如何使用Pyspark合并两个Dstream(类似于普通RDD上的.zip) [英] How to Combine two Dstreams using Pyspark (similar to .zip on normal RDD)

查看：247 发布时间：2021/4/8 20:08:16 apache-spark zip streaming pyspark dstream

本文介绍了如何使用Pyspark合并两个Dstream(类似于普通RDD上的.zip)的处理方法，对大家解决问题具有一定的参考价值，需要的朋友们下面随着小编来一起学习吧！

问题描述

我知道我们可以在pyspark中组合两个RDD(例如R中的cbind)，如下所示:

I know that we can combine(like cbind in R) two RDDs as below in pyspark:

rdd3 = rdd1.zip(rdd2)

我想对pyspark中的两个Dstream执行相同的操作.有可能还是其他选择?

I want to perform the same for two Dstreams in pyspark. Is it possible or any alternatives?

事实上，我正在使用MLlib randomforest模型来预测使用火花流.最后，我想结合功能Dstream&一起预测Dstream以进行进一步的下游处理.
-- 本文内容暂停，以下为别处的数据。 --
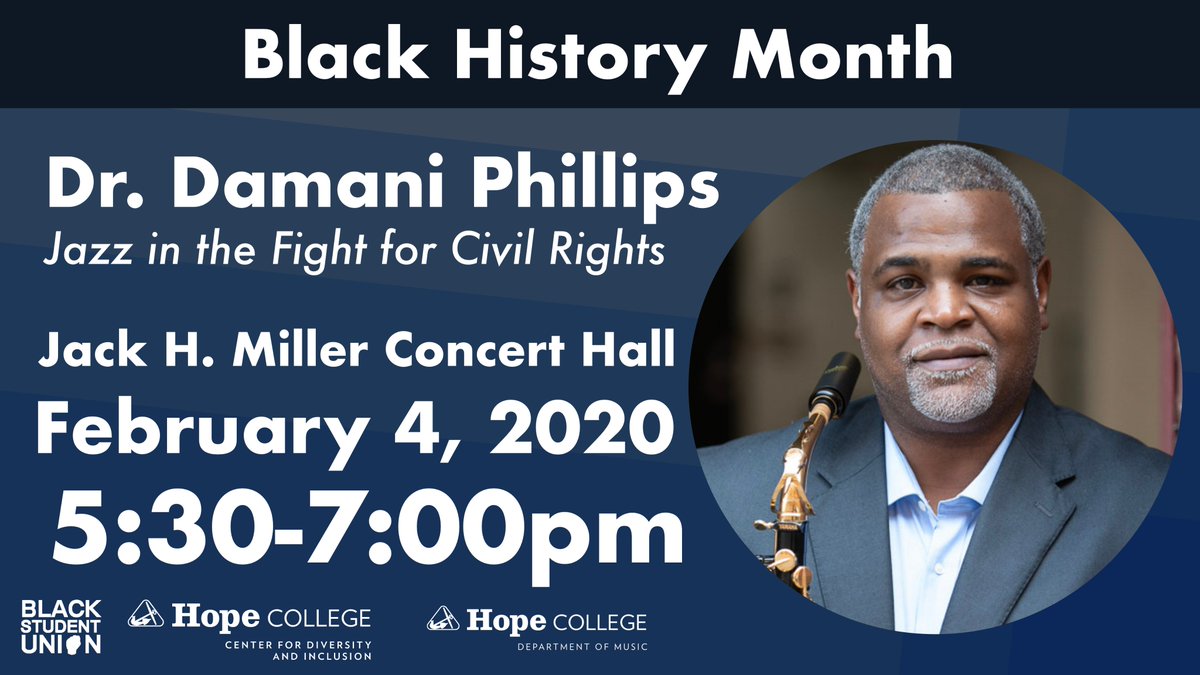 HopeDiversity's tweet photo. The combined concert and keynote lecture “Jazz in the Fight for Civil Rights: Jazz as Activist Music” on Tuesday, Feb. 4, featuring visiting musician and scholar Dr. Damani Phillips , will headline multiple activities at Hope College scheduled.
https://t.co/sYOD90TK6Z https://t.co/B3sWo1btJz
In fact, I am using a MLlib randomforest model to predict using spark streaming. In the end, I want to combine the feature Dstream & prediction Dstream together for further downstream processing.

谢谢.

-Obaid

推荐答案

最后，我在下面使用.

诀窍是使用"native python map"和"spark spreaming transform".也许不是优雅的方法，但是它是可行的:).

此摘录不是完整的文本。